[Short web captions]
+===+
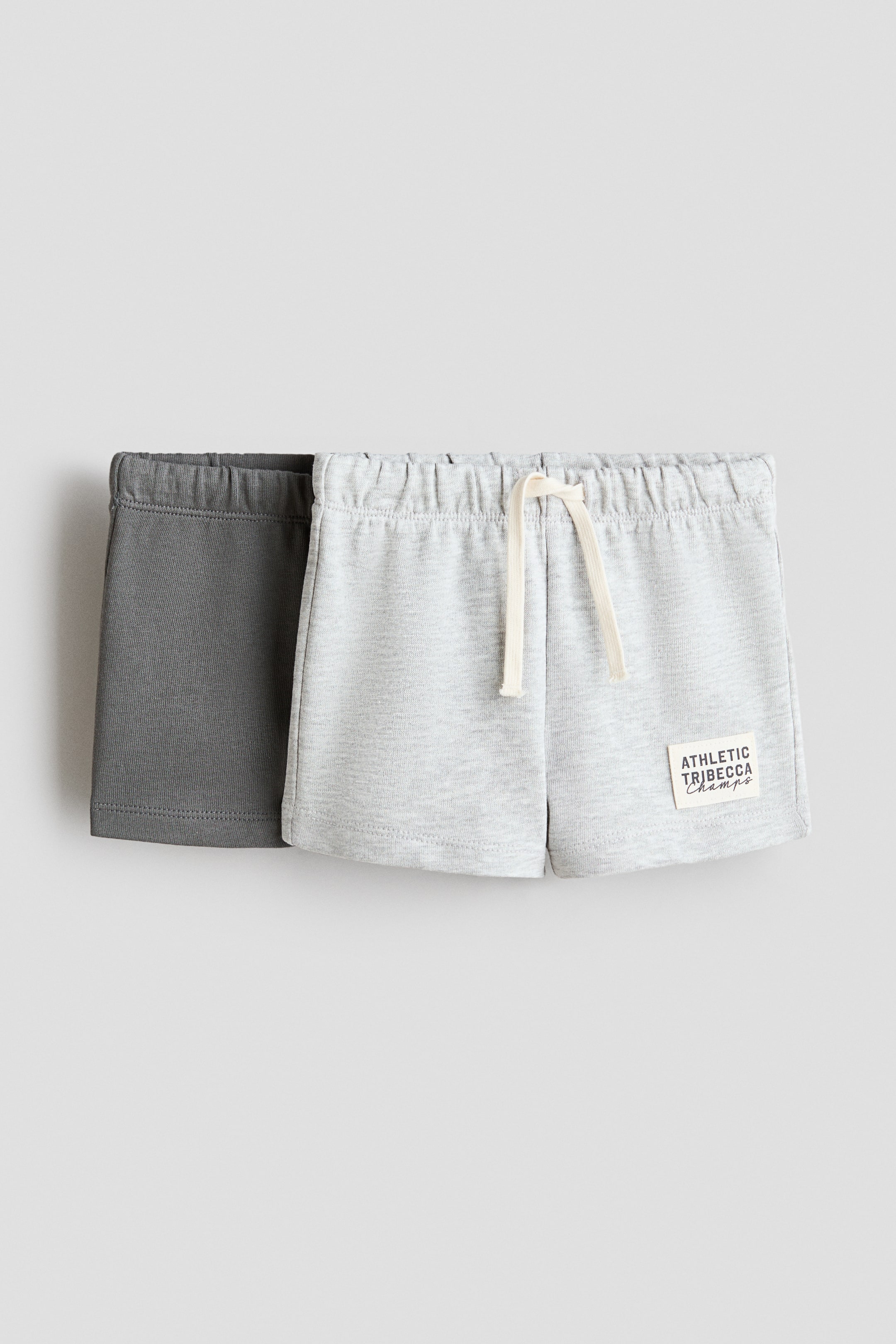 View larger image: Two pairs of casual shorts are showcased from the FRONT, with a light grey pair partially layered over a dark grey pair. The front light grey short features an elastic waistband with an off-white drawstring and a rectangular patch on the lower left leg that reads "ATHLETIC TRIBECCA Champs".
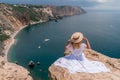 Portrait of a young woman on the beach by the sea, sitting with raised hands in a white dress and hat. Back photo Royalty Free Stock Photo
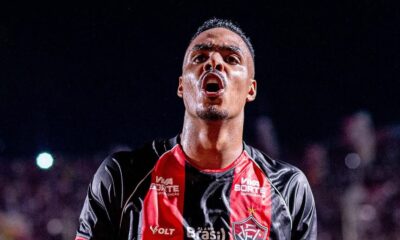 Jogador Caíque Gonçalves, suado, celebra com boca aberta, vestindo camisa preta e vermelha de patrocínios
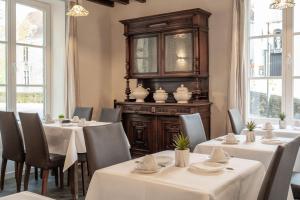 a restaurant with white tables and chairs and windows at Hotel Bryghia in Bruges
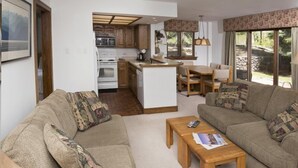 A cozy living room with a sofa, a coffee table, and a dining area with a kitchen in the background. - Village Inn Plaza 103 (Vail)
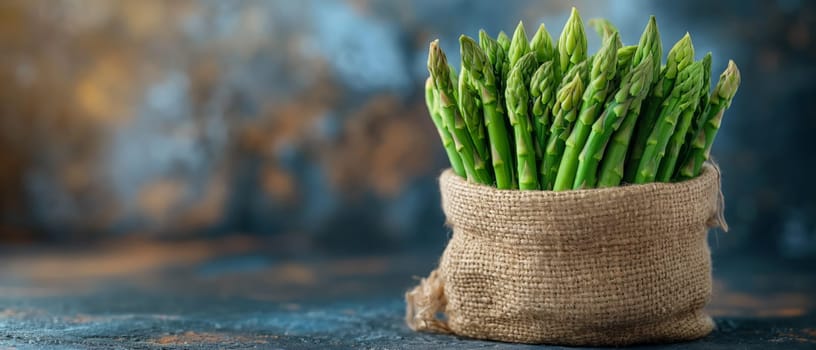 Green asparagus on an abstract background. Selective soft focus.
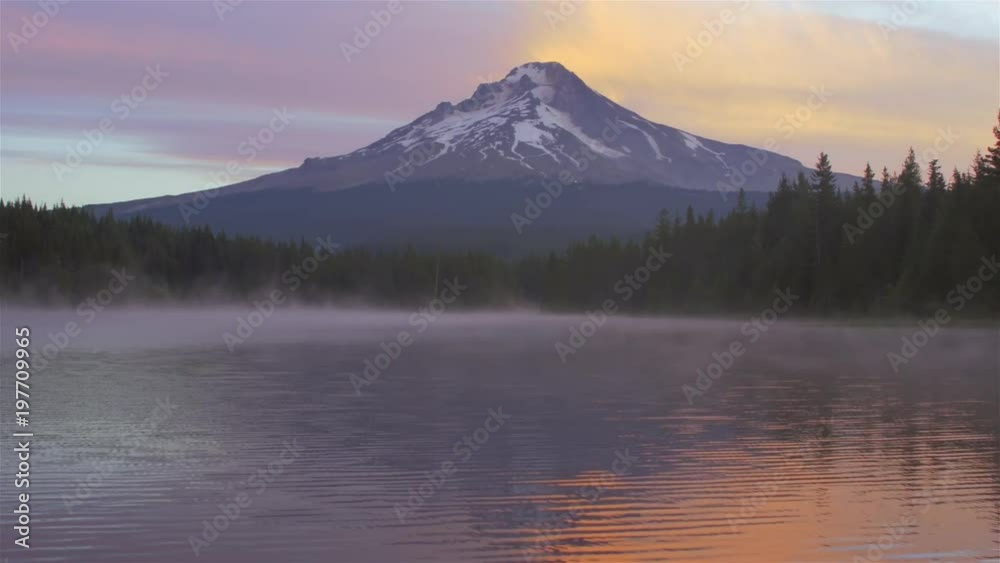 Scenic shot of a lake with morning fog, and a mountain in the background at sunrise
+===+
Problem to work on. Since the pictures are not part of the copy, please transcribe only the lines above from the one with "Portrait of a" through the one with "Jogador Caíque Gonçalves, suado, celebra", exactly and with both ends.

Answer.
 Portrait of a young woman on the beach by the sea, sitting with raised hands in a white dress and hat. Back photo Royalty Free Stock Photo
 Jogador Caíque Gonçalves, suado, celebra com boca aberta, vestindo camisa preta e vermelha de patrocínios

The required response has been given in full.